The manufacturer has designed this compressor to work under the much more adverse conditions of an air source heat pump which could often see a compression ratio of 8 to 1, therefore current draw and wear on the compressor when used in our unit is significantly less and results in long service life. Discharge temperatures experienced by our unit are usually between 190 and 200° F. These discharge temperatures are well below accepted standards and there is no danger of internal scoring or breakdown of the oil in the system. From the compressor the hot 198° F. discharge gas enters our tube-by-tube domestic hot water coil which is simply a desuperheater coil that drops the temperature of the dry discharge Freon vapor to approximately 150° F. This domestic hot water generator actually improves the performance of the entire system by initiating slight condensation of the Freon. Operation of the condenser becomes more efficient since all it’s surface is wet before it reaches it’s actual condensation temperature. The condenser coil used in our units, has been specially designed to act as a transfer surface for both heating and cooling the household air. The coil has sufficient extra capacity to allow for dirty air filters poor air flow etc, which can produce poor performance until the situation is corrected.

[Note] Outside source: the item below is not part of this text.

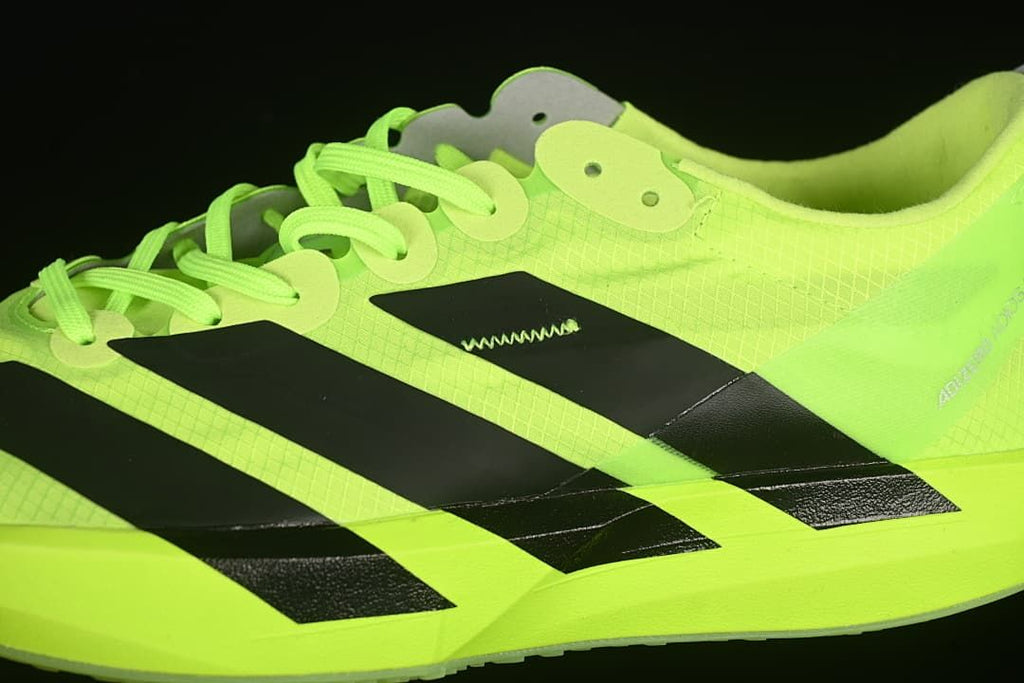 Close-up of the black side stripes, lace eyelets and neon upper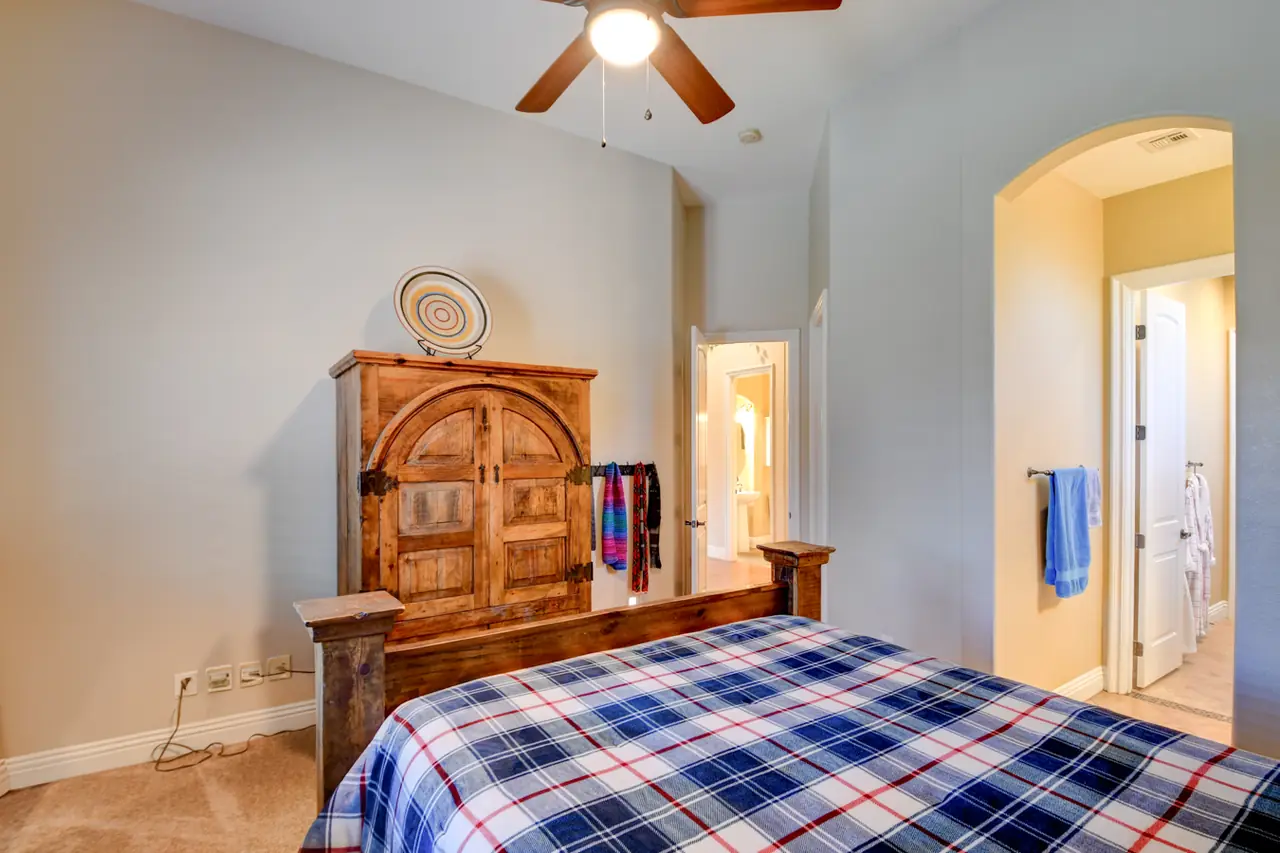 Bedroom with an arched doorway and a ceiling fan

The return liquid line is equipped with a large filter-drier to absorb any moisture droplets that may become present in a system. Factory procedures in silver soldering and evacuating our unit will ensure that our systems are clean and dry; however the field technician may not observe all accepted practices when he services the unit, thus admitting contaminants which the filter will catch. American Dream uses the most efficient expansion system – a TXV to vaporize the return liquid freon. Air distribution is handled by a high efficiency, multi-speed ECM fan.